With most of life’s problems, we can’t just ignore them and hope they’ll go away. However, tantrums can be an exception. With the right technique, you can ignore your child’s tantrums and eliminate them–hopefully forever. But it takes guts and determination.

My Tantrum Hell

When my son Kyle was five, his autism made language difficult. Rather than express his frustration in words, he screamed. He would lay on the floor, screeching, sometimes hitting himself and kicking his feet. This made traveling to public places a challenge. At the grocery store, Kyle would spot a toy or book and grab it. If I removed it from his grasp (even to buy it) it would trigger a tantrum so severe I often had to leave the store, embarrassed, abandoning my half-full grocery cart. Worse were the disgusted stares of onlookers, who, not realizing Kyle was autistic, seemed to say, “Lady, get control of your bratty kid.”

The Technique

At the U.C. San Diego Autism Laboratory, I learned a technique which cured Kyle of his tantrums. Certainly there is no 100% fool-proof solution for every tantrum-throwing child, but I found this method to be tremendously effective.

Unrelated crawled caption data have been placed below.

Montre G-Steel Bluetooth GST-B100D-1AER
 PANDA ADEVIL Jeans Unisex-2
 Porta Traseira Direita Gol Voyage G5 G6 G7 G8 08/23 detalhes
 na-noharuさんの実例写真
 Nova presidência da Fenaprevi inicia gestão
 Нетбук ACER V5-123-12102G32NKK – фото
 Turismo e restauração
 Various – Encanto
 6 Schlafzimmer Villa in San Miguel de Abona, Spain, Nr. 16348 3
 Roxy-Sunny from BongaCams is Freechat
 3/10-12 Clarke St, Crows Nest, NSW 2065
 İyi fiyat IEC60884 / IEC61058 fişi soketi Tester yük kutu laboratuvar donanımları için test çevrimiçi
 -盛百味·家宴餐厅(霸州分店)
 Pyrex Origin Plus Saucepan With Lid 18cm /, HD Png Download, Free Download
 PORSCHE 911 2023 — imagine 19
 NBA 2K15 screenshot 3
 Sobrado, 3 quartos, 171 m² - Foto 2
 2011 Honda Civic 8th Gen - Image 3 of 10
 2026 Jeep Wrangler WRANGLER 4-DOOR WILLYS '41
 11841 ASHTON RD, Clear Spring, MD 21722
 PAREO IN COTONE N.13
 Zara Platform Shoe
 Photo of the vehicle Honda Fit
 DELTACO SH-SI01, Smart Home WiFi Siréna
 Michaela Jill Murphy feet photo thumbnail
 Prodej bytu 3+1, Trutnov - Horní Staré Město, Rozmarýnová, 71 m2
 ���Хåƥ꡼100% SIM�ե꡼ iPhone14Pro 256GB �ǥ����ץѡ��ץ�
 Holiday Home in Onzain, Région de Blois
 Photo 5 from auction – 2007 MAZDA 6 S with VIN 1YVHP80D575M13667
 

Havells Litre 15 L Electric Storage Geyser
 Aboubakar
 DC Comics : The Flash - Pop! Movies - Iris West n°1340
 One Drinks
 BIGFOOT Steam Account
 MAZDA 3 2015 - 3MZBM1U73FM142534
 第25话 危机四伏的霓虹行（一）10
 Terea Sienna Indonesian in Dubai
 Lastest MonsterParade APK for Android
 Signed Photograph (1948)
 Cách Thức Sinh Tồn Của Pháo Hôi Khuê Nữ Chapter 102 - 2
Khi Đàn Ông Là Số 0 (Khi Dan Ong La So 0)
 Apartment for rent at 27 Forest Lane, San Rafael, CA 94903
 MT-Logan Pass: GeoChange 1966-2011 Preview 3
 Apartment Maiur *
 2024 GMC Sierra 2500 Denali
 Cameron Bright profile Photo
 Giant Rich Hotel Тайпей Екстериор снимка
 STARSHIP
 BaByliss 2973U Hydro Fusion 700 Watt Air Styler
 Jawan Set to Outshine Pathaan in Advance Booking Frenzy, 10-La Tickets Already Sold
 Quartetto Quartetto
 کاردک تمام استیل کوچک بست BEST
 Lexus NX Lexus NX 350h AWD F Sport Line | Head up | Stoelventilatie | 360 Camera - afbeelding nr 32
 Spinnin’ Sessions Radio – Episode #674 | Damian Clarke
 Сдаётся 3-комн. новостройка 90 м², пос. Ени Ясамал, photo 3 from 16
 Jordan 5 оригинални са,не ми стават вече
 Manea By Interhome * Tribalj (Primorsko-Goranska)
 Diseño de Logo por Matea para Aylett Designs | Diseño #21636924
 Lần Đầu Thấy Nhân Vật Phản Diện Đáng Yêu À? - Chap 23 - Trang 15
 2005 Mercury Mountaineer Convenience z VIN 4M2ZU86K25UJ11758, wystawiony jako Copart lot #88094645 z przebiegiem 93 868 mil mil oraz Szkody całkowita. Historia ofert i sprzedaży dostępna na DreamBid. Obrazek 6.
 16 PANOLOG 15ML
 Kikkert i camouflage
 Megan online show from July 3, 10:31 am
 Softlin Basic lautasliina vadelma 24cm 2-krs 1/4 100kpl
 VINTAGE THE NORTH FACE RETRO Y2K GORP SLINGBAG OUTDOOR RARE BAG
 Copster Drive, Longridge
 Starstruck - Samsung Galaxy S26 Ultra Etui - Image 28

Imagine you’re at the mall, and your child begins to throw a fit. Try the following steps:

1. Firmly hold his hand. This is to ensure he doesn’t run away, hurt himself, or hurt other people.

2. Say, “When you stop screaming, I will speak to you.” Don’t say anything else.

3. While he tantrums, turn your head completely away from him and do not allow him to see your face. Pretend not to hear him. Don’t worry about what other people think. Continue to walk toward your destination. If he plays “dead weight” or flails, keep holding his hand, standing with your head turned, as long as it takes. (This is easier said than done, but you can do it.) If you absolutely must carry him, do so robotically, without emotion. Put him down as soon as you possibly can.

4. Immediately make eye contact and speak to him when he is calm. If your child stops screaming and speaks (without yelling), turn quickly and look at him. “Oh, did you say something?” Give him your undivided attention as long as he is behaving rationally. Make eye contact and talk in a friendly tone. You are now doing the opposite of what you were before. Kneel down and get on his level. Show interest in what he has to say. Remain firm in your position, but calmly explain. “I’m sorry we couldn’t get that toy you wanted. It’s just too expensive.”

Repeat the above steps as often as necessary. You may even need to switch back and forth into ignoring/non-ignoring modes several times, using his behavior as the “trigger.” If he begins to scream or wail again, take his hand, stand up, and turn your face away from him. Do not say a word. You want him to feel invisible when he is having a tantrum.

Remember, you are teaching him self-control, so hang on to yours. Your child craves your attention. If he only has your focus when he is calm and rational, he will eventually choose to behave that way.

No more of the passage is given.